GWS looked to the Chargers for its first season and achieved success through Dom Tyson, Adam Tomlinson and Toby Greene all having an instant impact.

The Dandenong Stingrays and Geelong Falcons have also had over 20 players taken in the draft or pre-selected in the last five years. The Stingrays have had 24 players drafted in the last five years and the only club to have more than one number one draft pick in that period. Lachie Whitfield, the number one pick in this year’s National Draft, joins Tom Scully on that list.

The Falcons, who only had two players picked this year, have had 22 players selected but have lacked the star power in the last five years. Geelong premiership player Allen Christensen is the best of the bunch.

The North Ballarat Rebels, Sandringham Dragons and the Murray Bushrangers are next for the most numbers of players selected. The Rebels have had 19 players drafted with GWS excitement machine Jeremy Cameron the standout. Former number one draft pick Jack Watts heads the 18 picks for the Dragons. In the last five years, the Dragons have twice had five or more players picked in the one year. The Bushrangers’ 18 draftees are headed by the 2008 TAC Cup premiership side; Steele Sidebottom, Jack Ziebell and Tom Rockliff all played in that team and are among their teams best players.
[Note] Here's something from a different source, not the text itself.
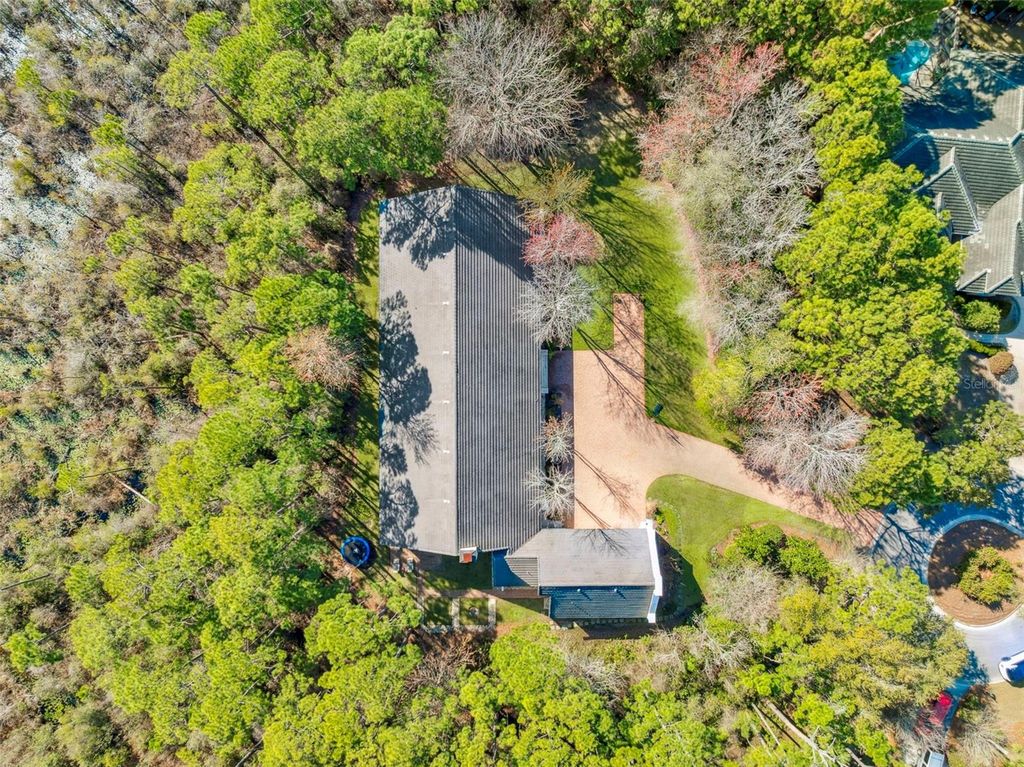 Image 68 of property listing at 410 WINDJAMMER COURT, Destin, FL 32541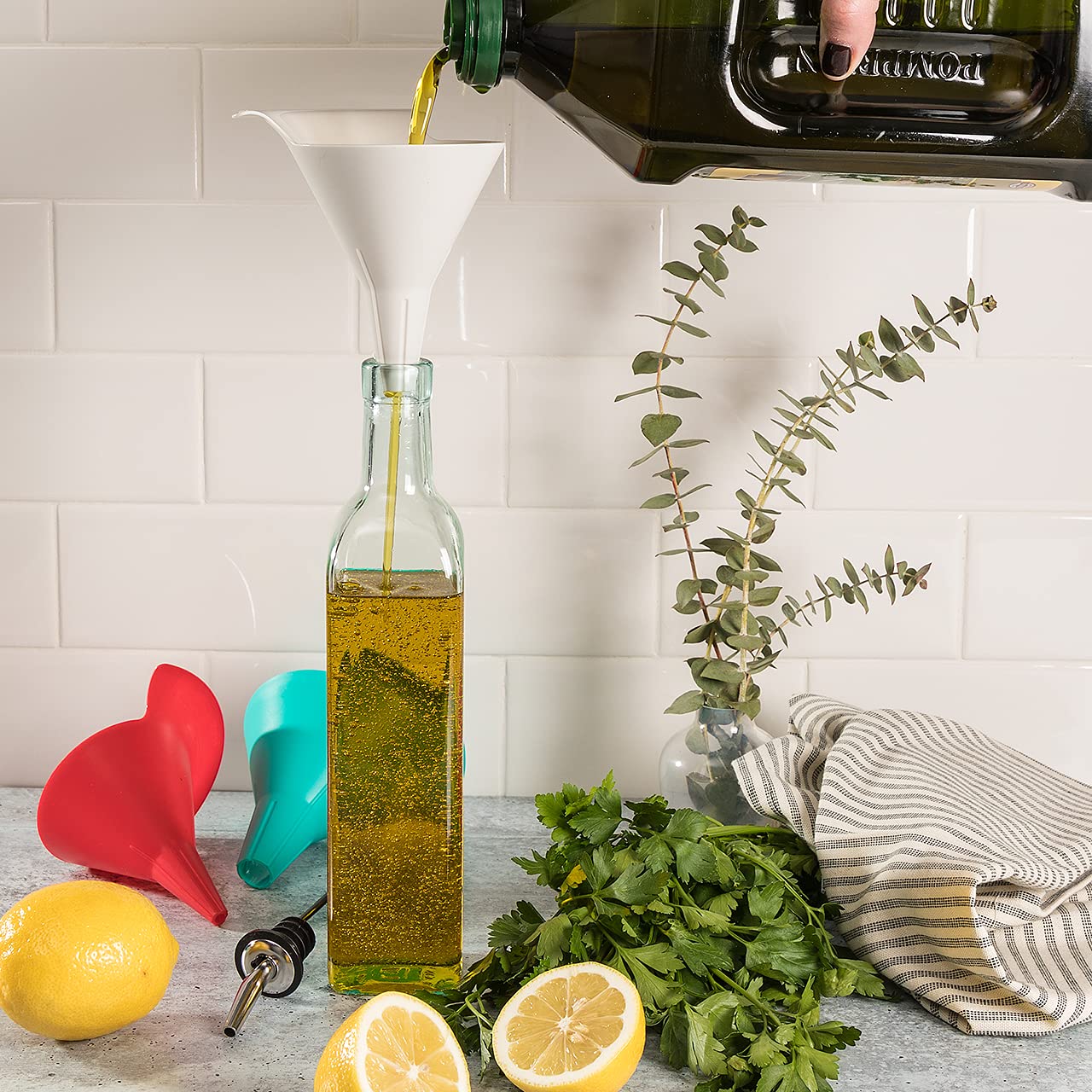 Hutzler Interlocking Funnel Set, Set Of 3, Red/White/Turquoise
Although there are a number of clubs that have had success as far as players getting drafted, there are TAC Cup clubs that struggle.

The Bendigo Pioneers had two players taken in the top seven picks this year, but in recent years have had little success with players being drafted. In the previous four years, only four players in Dustin Martin, Jordan Williams, Ariel Steinberg and Sam Kerridge have been selected.

The Western Jets have had nowhere near the same success as their neighbours the Calder Cannons. The Jets, who had two players in Spencer White and Lachie Hunter drafted this year, have only had eight players drafted or pre-selected in the last five years. Last year was their best with Will Hoskin-Elliot and Elliot Kavangh taken in the top 20.

The Northern Knights have only had 13 players selected in the last five years, including three in the top 21 this year. Essendon duo David Zaharakis and Michael Hurley, both drafted in 2008, are the best of the Knights players during that time.

Gippsland Power and Eastern Ranges have both had 14 players picked. While Gippsland doesn’t have a big history of players selected, the players that do get drafted tent to succeed. They have had a number of top 10 draft picks come through the ranks, including Scott Pendlebury, Dale Thomas, Brendon Goddard and Jarryd Roughead. The latest star to have come from the Power is the 2011 Rising Star winner Dyson Heppell.

For Eastern Ranges, a club that missed out this year, they had two players be selected in the top 20 last year in Jonathon Patton and Hayden Crozier. The other players selected have struggled to secure a regular senior position.

In the end, it doesn’t matter which team you play for at junior level as far as AFL clubs are concerned, it’s how you perform at senior level. However, TAC Cup sides having players selected is a major honour and something they are always looking at.

All 12 clubs will be hoping that the number of players they have on AFL lists increases in the upcoming Rookie Draft and will be doing everything they can in the future to keep having players selected.